■ EXERCISE INSTRUCTIONS
A verbatim copy of the lines starting at the one with "Queen Aksesuar Trend" and ending at the last line below is required; include nothing else.

[Start of Attachment]

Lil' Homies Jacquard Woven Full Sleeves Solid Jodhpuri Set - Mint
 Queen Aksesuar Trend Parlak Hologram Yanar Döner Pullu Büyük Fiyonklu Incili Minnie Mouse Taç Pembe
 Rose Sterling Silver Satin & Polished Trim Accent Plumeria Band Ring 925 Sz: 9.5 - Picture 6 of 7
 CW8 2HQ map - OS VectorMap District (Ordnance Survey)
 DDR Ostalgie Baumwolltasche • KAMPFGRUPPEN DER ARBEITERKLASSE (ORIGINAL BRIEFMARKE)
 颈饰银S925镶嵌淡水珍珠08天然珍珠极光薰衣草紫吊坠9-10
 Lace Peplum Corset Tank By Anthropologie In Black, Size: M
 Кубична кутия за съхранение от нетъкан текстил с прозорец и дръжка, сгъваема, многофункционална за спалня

[End of Attachment]

■ ANSWER FOR THIS EXERCISE
 Queen Aksesuar Trend Parlak Hologram Yanar Döner Pullu Büyük Fiyonklu Incili Minnie Mouse Taç Pembe
 Rose Sterling Silver Satin & Polished Trim Accent Plumeria Band Ring 925 Sz: 9.5 - Picture 6 of 7
 CW8 2HQ map - OS VectorMap District (Ordnance Survey)
 DDR Ostalgie Baumwolltasche • KAMPFGRUPPEN DER ARBEITERKLASSE (ORIGINAL BRIEFMARKE)
 颈饰银S925镶嵌淡水珍珠08天然珍珠极光薰衣草紫吊坠9-10
 Lace Peplum Corset Tank By Anthropologie In Black, Size: M
 Кубична кутия за съхранение от нетъкан текстил с прозорец и дръжка, сгъваема, многофункционална за спалня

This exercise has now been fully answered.